Although the MRF model is writtein in a binary file, all the model paramters are easily accessible by using show
command. To retrieve a node or edge parameter, use the show
command with --node <pos>
or --edge <pos,pos>
option. For example, the node parameter corresponding to the sequence position 7
can be retrieved as below.
$ pmrf show MYG_PHYCD.mrf --node 7
A 0.2537
C -0.2907
D -0.3643
E -0.0548
F -0.1063
:
The values represent the parameter values for the corresponding amino acids, respectively.
Similarly, the edge parameter interconnecting the sequence positions 7
and 134
can be retrieved as below.
$ pmrf show MYG_PHYCD.mrf --edge 7,134
7\134 A C D E ...
A 0.0441 -0.0588 -0.0069 -0.0150 ...
C -0.0926 0.0001 0.0140 0.0125 ...
D -0.1031 0.0062 0.0164 0.0152 ...
E 0.0997 0.0640 0.0058 0.0032 ...
:
The values represent the parameter values for the corresponding amino acid pairs, respectively, and the row and column headers indicate the amino acids of the position 7
and 134
, respectively.
PMRF suite offers vairous customization with command-line options. To find its capability and customize for your interests, see the help page.
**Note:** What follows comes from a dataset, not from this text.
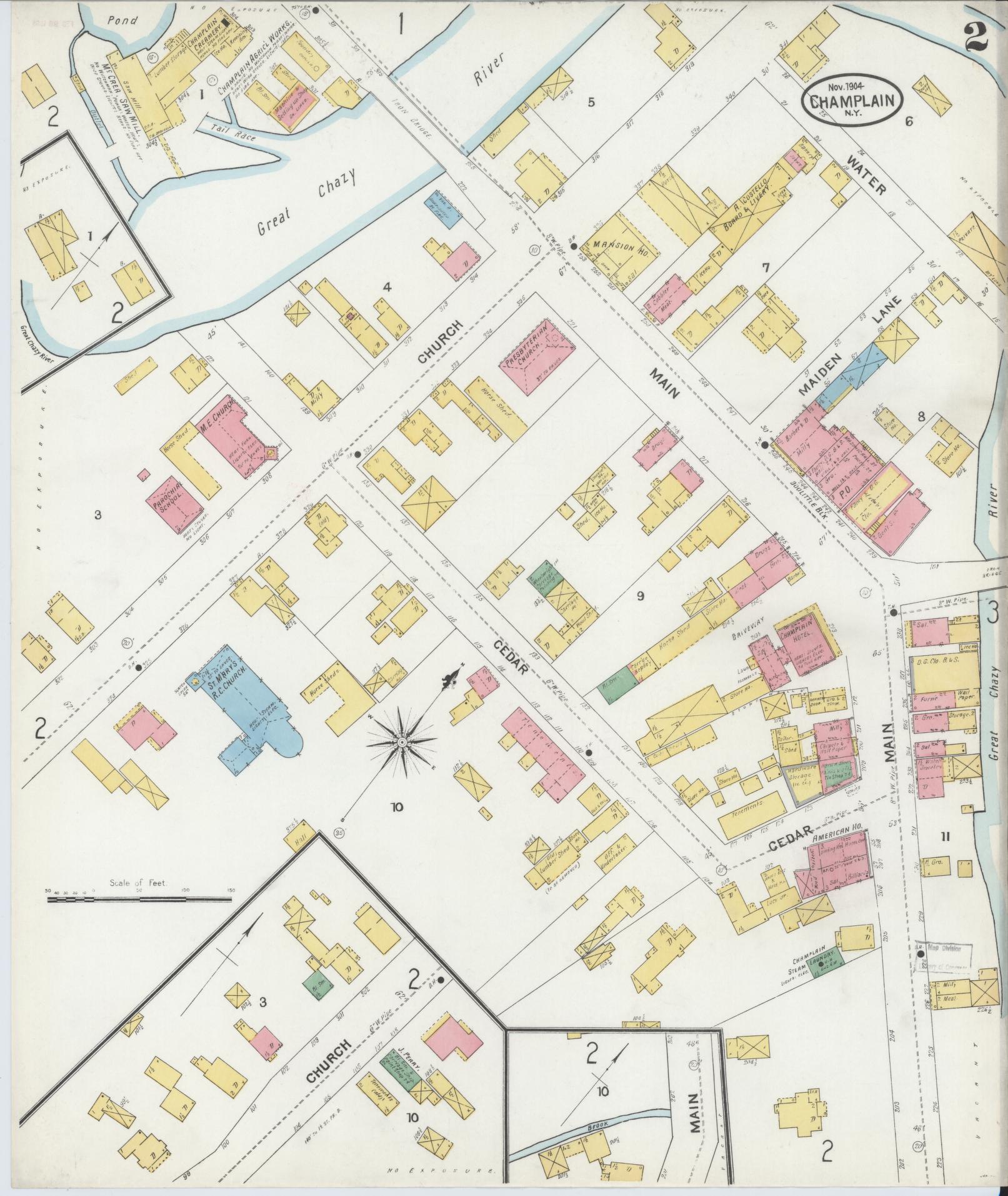 Sanborn Fire Insurance Map from Champlain, Clinton County, New York (1904), Sheet #0002 - Complete Map Set gallery image, historic Sanborn map, vintage wall art, New York New York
The summarized command list is availalbe by help
command.
$ pmrf help
Usage: pmrf <command> [<args>]
The following commands are available for MRF modeling and varisous applications:
generate MRF model
build Build MRF model
examine evolutionary information
infer Estimate sequence distribution with MRF model
stat Estimate evolutionary constraints for MRF model
show Show MRF model parameters
To see the help page and the full list of options for a specific command, just run pmrf <command>
with no arguments.
PMRF suite is distributed under the MIT license. Please see the LICENSE file for details.
Note that PMRF suite includes and uses third-party libraries licensed as below.
-
libLBFGS Files: thirdparty/lbfgs/* License: MIT license Please see the thirdparty/lbfgs/lbfgs.h file for details.
-
Eigen Files: thirdparty/eigen/* License: MPL2 license Please see the thirdparty/eigen3/COPYING.README file for details.
This software includes and uses libLBFGS (currently version 1.10) and Eigen libraries (currently version 3.2.8).